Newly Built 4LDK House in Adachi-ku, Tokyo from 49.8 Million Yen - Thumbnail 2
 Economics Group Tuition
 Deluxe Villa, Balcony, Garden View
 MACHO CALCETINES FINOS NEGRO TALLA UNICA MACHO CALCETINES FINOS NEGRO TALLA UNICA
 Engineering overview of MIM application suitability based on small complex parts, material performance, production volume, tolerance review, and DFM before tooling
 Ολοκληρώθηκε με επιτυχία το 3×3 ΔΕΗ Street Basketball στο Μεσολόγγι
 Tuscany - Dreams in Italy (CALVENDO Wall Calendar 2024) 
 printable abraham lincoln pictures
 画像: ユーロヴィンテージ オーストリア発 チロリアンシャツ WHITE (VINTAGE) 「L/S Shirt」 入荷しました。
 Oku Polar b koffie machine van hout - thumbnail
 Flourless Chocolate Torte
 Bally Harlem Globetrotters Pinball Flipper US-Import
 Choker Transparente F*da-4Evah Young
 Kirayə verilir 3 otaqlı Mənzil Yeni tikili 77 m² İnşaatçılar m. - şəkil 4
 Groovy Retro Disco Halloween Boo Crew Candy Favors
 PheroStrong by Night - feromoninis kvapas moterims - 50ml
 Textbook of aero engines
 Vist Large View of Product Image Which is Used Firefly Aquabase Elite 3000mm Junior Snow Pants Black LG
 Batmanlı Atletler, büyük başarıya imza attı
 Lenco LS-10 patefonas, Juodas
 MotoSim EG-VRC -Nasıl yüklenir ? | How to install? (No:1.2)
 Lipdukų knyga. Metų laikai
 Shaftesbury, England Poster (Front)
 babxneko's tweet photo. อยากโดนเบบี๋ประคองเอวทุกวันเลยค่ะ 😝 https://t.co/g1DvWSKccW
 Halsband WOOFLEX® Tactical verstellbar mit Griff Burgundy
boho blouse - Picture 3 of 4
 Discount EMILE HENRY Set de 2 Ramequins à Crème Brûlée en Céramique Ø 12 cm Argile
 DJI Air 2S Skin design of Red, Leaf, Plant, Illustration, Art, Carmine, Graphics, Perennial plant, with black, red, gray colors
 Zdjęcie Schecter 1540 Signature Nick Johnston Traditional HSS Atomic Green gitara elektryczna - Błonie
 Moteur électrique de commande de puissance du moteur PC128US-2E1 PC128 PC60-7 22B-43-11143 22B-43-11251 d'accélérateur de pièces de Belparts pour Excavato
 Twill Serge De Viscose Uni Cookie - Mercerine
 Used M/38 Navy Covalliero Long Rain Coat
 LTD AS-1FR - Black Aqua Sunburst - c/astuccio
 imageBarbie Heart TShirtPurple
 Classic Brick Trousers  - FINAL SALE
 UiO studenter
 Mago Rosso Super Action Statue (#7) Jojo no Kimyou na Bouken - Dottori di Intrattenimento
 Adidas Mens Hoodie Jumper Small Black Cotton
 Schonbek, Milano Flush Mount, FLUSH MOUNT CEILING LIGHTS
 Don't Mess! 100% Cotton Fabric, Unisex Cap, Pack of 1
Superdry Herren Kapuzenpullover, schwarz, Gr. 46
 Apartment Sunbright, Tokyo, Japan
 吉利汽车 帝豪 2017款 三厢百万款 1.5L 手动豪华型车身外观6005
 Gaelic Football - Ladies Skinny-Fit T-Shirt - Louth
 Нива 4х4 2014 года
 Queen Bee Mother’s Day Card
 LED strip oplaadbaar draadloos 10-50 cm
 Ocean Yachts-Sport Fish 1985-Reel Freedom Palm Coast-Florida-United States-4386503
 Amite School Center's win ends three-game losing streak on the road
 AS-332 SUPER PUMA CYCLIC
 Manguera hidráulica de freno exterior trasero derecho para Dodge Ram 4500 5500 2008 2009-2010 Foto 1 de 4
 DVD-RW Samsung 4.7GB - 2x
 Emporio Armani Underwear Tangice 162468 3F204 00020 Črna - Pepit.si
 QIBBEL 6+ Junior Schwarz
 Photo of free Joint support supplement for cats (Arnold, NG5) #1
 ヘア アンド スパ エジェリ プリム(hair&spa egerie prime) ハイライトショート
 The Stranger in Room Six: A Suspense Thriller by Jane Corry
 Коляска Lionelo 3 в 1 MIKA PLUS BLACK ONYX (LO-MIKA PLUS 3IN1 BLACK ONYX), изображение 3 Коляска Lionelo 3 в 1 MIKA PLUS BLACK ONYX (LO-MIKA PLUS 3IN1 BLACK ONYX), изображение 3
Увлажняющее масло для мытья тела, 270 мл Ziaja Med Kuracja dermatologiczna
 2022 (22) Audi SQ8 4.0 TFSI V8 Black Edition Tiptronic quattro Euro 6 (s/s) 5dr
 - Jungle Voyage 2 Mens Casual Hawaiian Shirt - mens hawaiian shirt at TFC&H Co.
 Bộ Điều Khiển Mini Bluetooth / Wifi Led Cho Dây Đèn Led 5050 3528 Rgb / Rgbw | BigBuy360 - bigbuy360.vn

+--

The problem
Find the lines above with the word "Mens". Copy them out.

Answer area
 Adidas Mens Hoodie Jumper Small Black Cotton
 - Jungle Voyage 2 Mens Casual Hawaiian Shirt - mens hawaiian shirt at TFC&H Co.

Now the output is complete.